Tyler cited Pennsylvania State Sen. Douglas Mastriano, who won Pennsylvania’s 2022 Republican gubernatorial nomination, and Kandiss Taylor Show, whose “Jesus, Guns and Babies” campaign for governor fell short in Georgia’s May primary.
“What a slogan, right?” Tyler said.
“It’s an example of this terrible problem that we must face — Christian nationalism,” Hollman said. “Some people who have the microphone out there in the public square are equating Christianity and a particular partisan platform that they say cannot be separated.”
Hollman added that it’s not enough to be aware of the challenge. “We have work to do. We need to get out there, learn about these issues and speak out where Christian nationalism threatens our religious freedom and our way of life.”
The attacks have been coming steadily since 2017 when the Trump administration sought to kill the Johnson Amendment, Tyler said.
“Trump criticized the law when he was on the campaign trail and in his first month in office, he promised he would ‘totally destroy’ the Johnson Amendment. And he tried very hard to do that, and he failed in that endeavor,” she said.
Hollman said the move was an effort to inject more direct Christian support for his presidential bids. “He had pastors say they didn’t want to endorse him and speak out in his favor because they were concerned about getting their churches in trouble. And that was pretty upsetting to candidate Trump and he said, ‘Let’s get rid of this.’”

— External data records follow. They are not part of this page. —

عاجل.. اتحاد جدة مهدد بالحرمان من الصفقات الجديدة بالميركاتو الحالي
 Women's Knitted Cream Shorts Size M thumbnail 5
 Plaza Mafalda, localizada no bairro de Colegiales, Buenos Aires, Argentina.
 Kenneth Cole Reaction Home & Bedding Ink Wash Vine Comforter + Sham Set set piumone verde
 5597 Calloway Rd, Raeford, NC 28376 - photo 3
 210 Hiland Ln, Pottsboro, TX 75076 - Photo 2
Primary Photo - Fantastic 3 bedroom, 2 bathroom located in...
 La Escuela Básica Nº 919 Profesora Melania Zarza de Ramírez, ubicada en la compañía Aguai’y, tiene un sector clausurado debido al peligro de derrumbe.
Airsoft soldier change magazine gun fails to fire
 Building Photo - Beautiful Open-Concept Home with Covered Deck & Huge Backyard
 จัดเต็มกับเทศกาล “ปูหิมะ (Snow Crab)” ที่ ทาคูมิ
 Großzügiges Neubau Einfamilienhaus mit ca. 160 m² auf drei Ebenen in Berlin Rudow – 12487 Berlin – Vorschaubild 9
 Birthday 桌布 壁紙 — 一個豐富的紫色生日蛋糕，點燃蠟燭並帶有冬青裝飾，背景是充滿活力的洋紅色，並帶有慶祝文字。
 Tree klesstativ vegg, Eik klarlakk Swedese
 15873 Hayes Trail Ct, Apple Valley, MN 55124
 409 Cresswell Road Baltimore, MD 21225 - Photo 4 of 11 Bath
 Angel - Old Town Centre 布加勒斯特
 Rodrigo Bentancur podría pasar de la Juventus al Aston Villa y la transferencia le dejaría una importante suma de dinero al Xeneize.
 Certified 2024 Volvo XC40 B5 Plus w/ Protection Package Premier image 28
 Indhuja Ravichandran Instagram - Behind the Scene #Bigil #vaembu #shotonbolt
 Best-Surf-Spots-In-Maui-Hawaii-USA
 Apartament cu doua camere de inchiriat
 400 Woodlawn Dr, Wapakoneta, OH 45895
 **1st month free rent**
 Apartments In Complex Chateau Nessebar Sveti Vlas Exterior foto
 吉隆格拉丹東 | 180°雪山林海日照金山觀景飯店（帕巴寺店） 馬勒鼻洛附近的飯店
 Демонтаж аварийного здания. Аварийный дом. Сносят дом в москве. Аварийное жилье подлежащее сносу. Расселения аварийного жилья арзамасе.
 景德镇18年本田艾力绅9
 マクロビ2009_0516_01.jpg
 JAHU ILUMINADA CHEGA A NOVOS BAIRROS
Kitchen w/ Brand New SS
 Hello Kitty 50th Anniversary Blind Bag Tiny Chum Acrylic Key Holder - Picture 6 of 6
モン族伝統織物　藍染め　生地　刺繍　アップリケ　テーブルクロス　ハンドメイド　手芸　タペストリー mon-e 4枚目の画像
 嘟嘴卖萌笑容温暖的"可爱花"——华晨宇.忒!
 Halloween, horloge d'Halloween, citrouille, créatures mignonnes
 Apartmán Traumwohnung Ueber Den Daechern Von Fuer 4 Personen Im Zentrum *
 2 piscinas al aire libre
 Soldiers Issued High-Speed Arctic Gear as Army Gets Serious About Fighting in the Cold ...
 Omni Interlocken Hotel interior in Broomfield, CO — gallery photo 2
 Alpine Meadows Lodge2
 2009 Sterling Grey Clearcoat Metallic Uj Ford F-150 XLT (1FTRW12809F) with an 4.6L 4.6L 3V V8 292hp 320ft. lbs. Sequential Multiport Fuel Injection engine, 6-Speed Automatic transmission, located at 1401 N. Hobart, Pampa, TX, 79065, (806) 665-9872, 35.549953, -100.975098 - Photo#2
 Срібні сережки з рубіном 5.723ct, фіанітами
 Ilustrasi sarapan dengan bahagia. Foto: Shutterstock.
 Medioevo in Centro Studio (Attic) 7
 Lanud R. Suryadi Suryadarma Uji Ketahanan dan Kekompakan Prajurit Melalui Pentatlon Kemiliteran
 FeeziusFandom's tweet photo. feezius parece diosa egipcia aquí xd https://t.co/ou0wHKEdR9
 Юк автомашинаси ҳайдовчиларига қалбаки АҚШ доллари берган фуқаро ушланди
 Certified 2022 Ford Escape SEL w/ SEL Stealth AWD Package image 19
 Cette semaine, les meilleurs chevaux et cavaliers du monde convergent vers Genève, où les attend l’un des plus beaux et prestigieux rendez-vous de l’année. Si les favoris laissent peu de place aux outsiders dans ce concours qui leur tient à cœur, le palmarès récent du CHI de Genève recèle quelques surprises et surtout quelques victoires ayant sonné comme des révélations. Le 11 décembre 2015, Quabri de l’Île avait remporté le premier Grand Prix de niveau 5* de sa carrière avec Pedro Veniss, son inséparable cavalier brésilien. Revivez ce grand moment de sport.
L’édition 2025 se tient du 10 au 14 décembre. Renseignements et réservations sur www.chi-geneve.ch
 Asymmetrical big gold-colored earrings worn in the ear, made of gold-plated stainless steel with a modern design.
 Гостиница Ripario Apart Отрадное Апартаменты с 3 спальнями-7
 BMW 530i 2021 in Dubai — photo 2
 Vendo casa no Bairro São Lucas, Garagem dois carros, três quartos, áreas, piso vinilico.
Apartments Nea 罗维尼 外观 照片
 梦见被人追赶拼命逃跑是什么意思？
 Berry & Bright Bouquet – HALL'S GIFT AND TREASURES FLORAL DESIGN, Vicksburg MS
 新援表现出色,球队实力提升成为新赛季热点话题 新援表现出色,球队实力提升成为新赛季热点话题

Conservatives also have launched widespread attacks on voting rights since then, a move that has led to some confusion about the appropriateness of church-led voter registration and voting turnout campaigns, Tyler noted.
“Efforts to encourage voting, to help make voting easier for people, are common for 501(c)(3) organizations, including churches. Those efforts, as long as they are nonpartisan in nature, do not typically raise concerns. So, don’t think your church can’t respond to efforts making it harder to vote or to encourage or help increase voter turnout. Voting itself, and helping people to vote, is not partisan. It is part of responsible civic engagement in our democracy.”
There is legal difference between raising voices on issues and directly supporting a party or candidate, Hollman said. “And it’s OK to educate people about issues and to be involved in civic participation.”
In fact, that kind of engagement is needed to oppose those seeking to blend religion and government, she said. “One thing we know people can do is to become involved. We urge civic participation of all people. We urge people to learn about the issues, to make sure they vote, to get involved in their communities. It’s also important to talk about the role of religion and religious institutions in elections.”
One place to start is through BJC’s Christians Against Christian Nationalism movement, Hollman suggested. “It says that ‘people of all faiths and none have the right and responsibility to engage constructively in the public square.’ Of course, that is saying we are all equal citizens without regard to religion, so don’t be fooled by the Christian nationalism talk that preferences Christians and their legal rights. This is just a core principle of civic engagement … and in no way runs afoul” of the law.